Provided material:
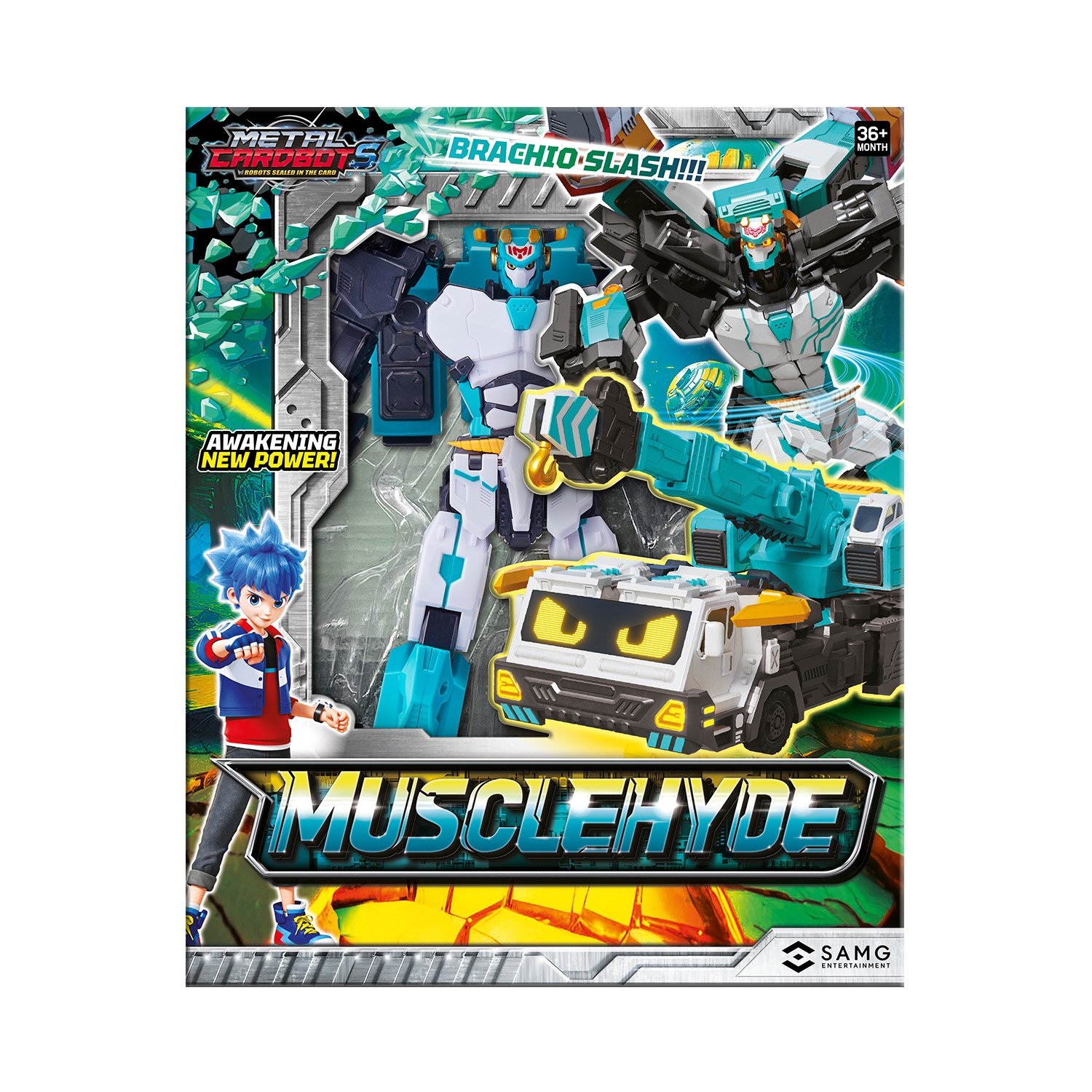 Трансформер Метал Кард Бот Маслхайд 23см S2 - фото 1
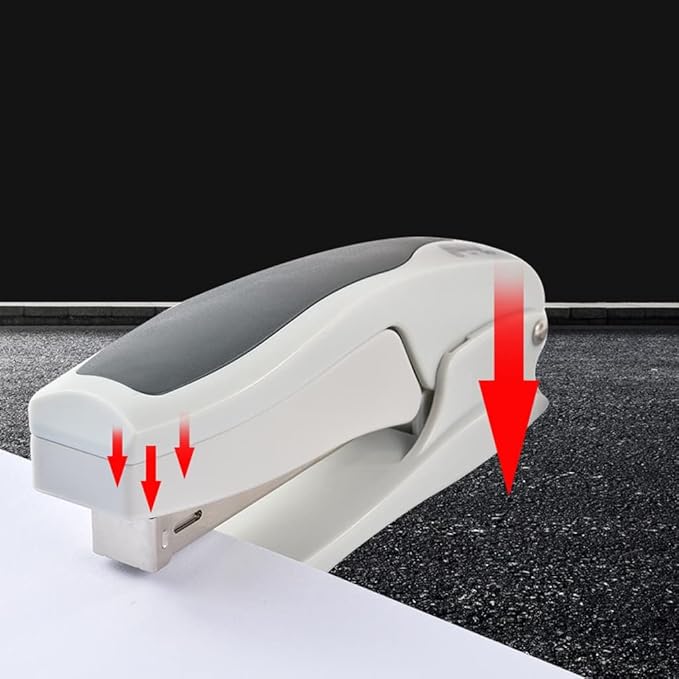 Desk Stapler Stapler Staplers for Desk 360°Rotating Head A3 Paper Binding Graphic Office Binding Machine Suitable for School Office Supplies School Supplies (Color : A)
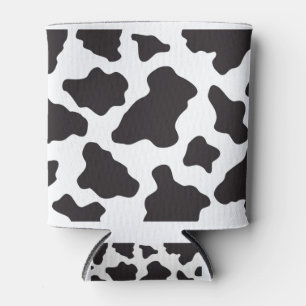 Black and White Cow Skin Can Cooler Beer Sleeve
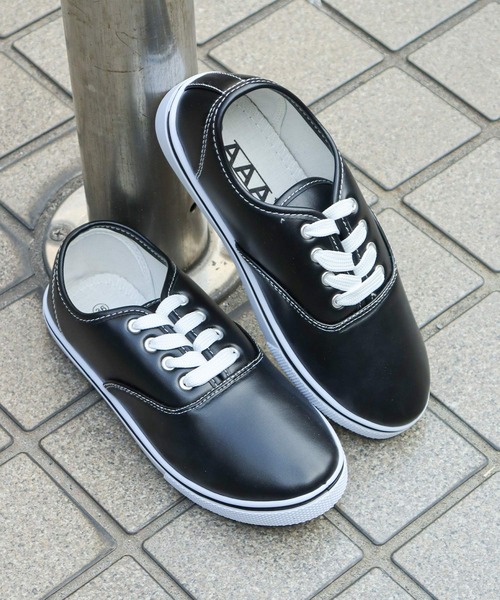 AAA+（サンエープラス）の「オーセンティックローテクスニーカー（スニーカー・メンズ・ブルー系その他/レッド系その他/ブラック系その他/グレー/ホワイト系その他/カーキ/キナリ/ブラック/ブラック×ブラック/ブラック系その他2/ベージュ/グリーン/ピンク/ブルー系その他2/ライトブルー/ネイビー/ブラウン/グレー系その他/イエロー/ブルー系その他3/レッド/オレンジ/ホワイト×ブラック/ホワイト系その他2/ワイン/シルバー・34/40/38/36/42/44/28/26/22/24/30/32）」の6枚目の写真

Exercise instructions: Pictures aside, repeat every line of the data above exactly.

Answer space:
 Трансформер Метал Кард Бот Маслхайд 23см S2 - фото 1
 Desk Stapler Stapler Staplers for Desk 360°Rotating Head A3 Paper Binding Graphic Office Binding Machine Suitable for School Office Supplies School Supplies (Color : A)
 Black and White Cow Skin Can Cooler Beer Sleeve
 AAA+（サンエープラス）の「オーセンティックローテクスニーカー（スニーカー・メンズ・ブルー系その他/レッド系その他/ブラック系その他/グレー/ホワイト系その他/カーキ/キナリ/ブラック/ブラック×ブラック/ブラック系その他2/ベージュ/グリーン/ピンク/ブルー系その他2/ライトブルー/ネイビー/ブラウン/グレー系その他/イエロー/ブルー系その他3/レッド/オレンジ/ホワイト×ブラック/ホワイト系その他2/ワイン/シルバー・34/40/38/36/42/44/28/26/22/24/30/32）」の6枚目の写真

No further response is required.